The opening bus ride number in the SpeakEasy Stage Company production of "Violet" with Alison McCartan and Kathy St. George in the foreground. (Courtesy Glenn Perry Photography/SpeakEasy Stage Company)
The opening bus ride number in the SpeakEasy Stage Company production of "Violet" with Alison McCartan and Kathy St. George in the foreground. (Courtesy Glenn Perry Photography/SpeakEasy Stage Company)

There is no one — no one — writing better music for the stage today than Jeanine Tesori. She wrote the music for two masterpieces — “Caroline, or Change” with Tony Kushner and “Fun Home” with Lisa Kron, which deservedly won last year’s Tony Award for best score and is still on Broadway. But SpeakEasy Stage Company invites you to start at the beginning with a lovely production of her first musical, “Violet,” which she wrote with Brian Crawley (through Feb. 6) in 1997.

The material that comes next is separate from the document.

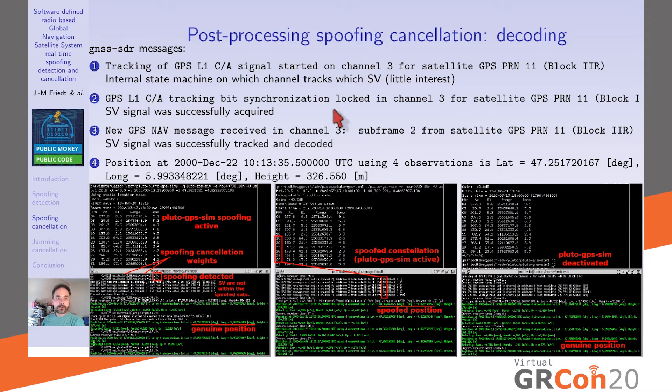The first sign of proper hardware operation is when GNSS-SDR finds bit synchronization — it has located the Doppler shift for a given space vehicle number, indicating a reliable RF signal. After identifying the Doppler shift, the phase-locked loop and delay-locked loop engage, allowing decoding of the navigation message. Once at least four satellites are properly decoded, a 3D position plus time solution is computed — in our case, 47° North, 6° East, our correct position in France.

“Violet,” based on Doris Betts’ “The Ugliest Pilgrim,” isn’t in the same category as her later work, but this is still a strong, soulful one-act that — like many of the great musicals of the golden age — tells the story of a woman’s journey from naivete to a fuller, more sophisticated knowledge of life and its complexities. If “Caroline, or Change” is her “Eroica,” this is her Beethoven’s First which, you know, is none too shabby. (Maybe “Thoroughly Modern Millie” was Tesori’s second symphony?)

Violet was deeply scarred in a childhood accident when her father’s ax blade flew off its handle and hit her in the face. As a young woman she’s determined to travel by Greyhound Bus, from North Carolina to Tulsa, Oklahoma, in order to find a faith healer who, she’s convinced, can heal her scar. If that’s not “Wizard of Oz” enough for you, along the way she meets up with two men who have their own problems.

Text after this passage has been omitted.